**EXERCISE BRIEF**
Return the listing below exactly, with the pictures dropped.

**RAW DATA**

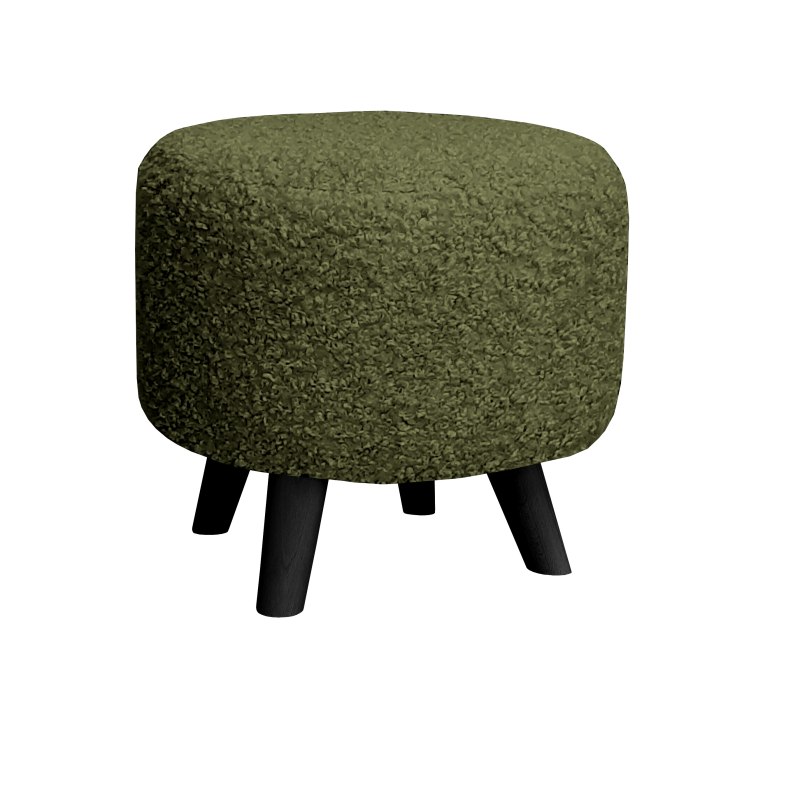 Pufa ALA tapicerowana tkanina noga drewniana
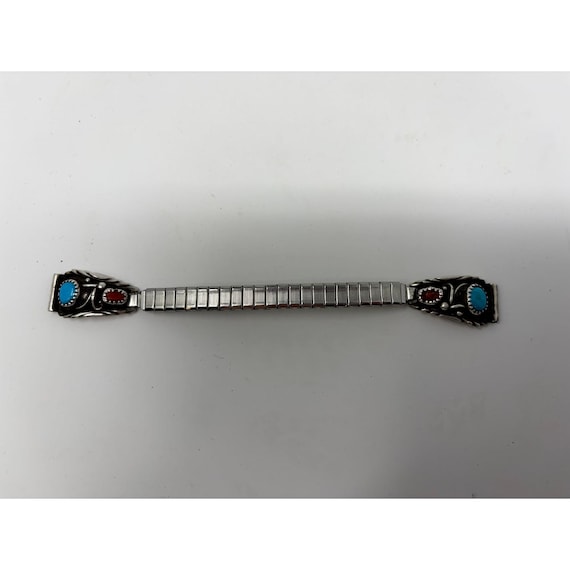 Richard Begay Navajo Sterling Silver Turquoise Coral Watch Band RB Signed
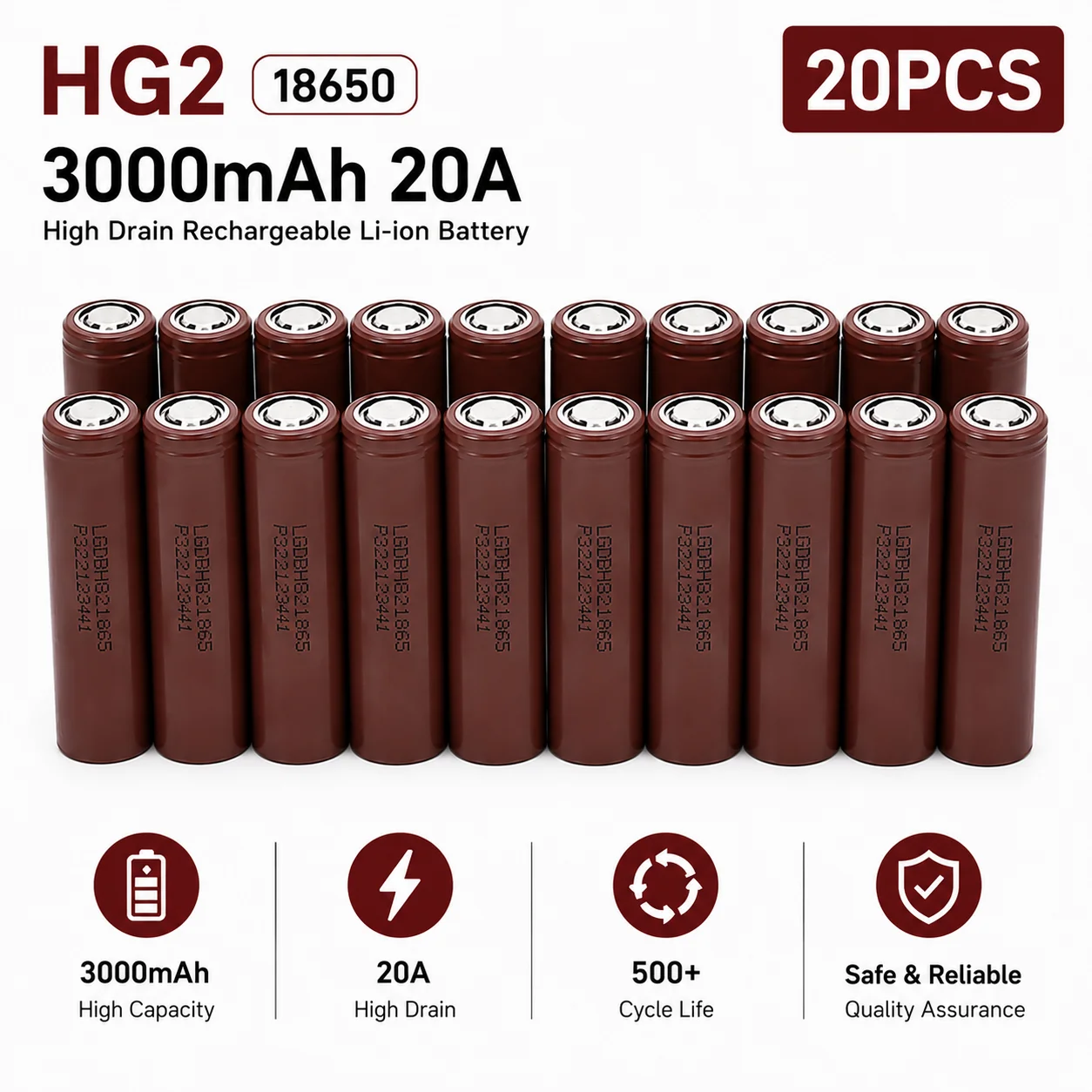 18650 Wiederaufladbare Batterie 3,7V 3000mAh 20A Flachkopf-Hochstrom-Lithium-Ionen-Zelle Ersatz für HG2 Schneller EU-Versand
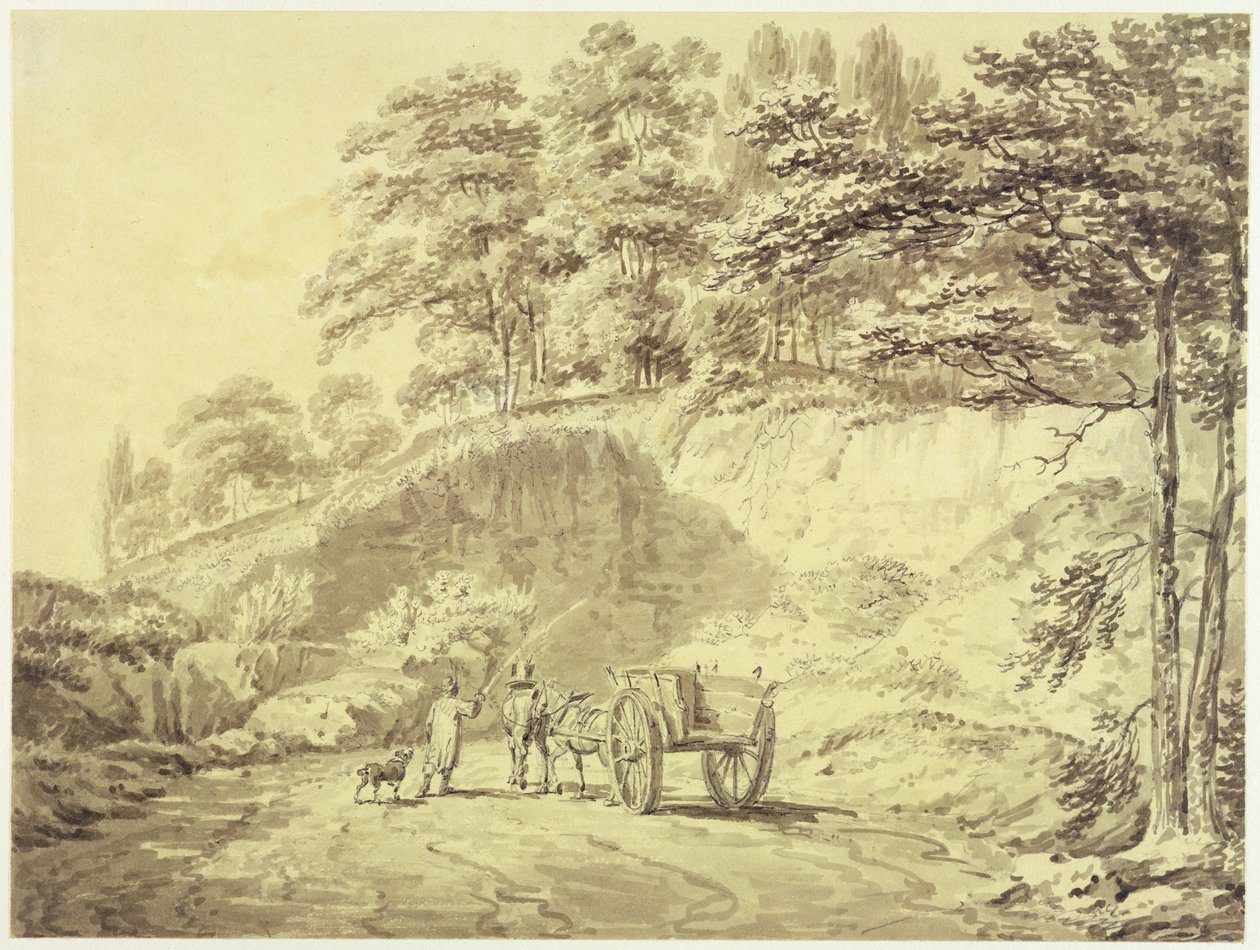 Mann mit Pferd und Wagen, der in einen Steinbruch fährt, ca. 1797 von Joseph Mallord William Turner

**RESULT**
 Pufa ALA tapicerowana tkanina noga drewniana
 Richard Begay Navajo Sterling Silver Turquoise Coral Watch Band RB Signed
 18650 Wiederaufladbare Batterie 3,7V 3000mAh 20A Flachkopf-Hochstrom-Lithium-Ionen-Zelle Ersatz für HG2 Schneller EU-Versand
 Mann mit Pferd und Wagen, der in einen Steinbruch fährt, ca. 1797 von Joseph Mallord William Turner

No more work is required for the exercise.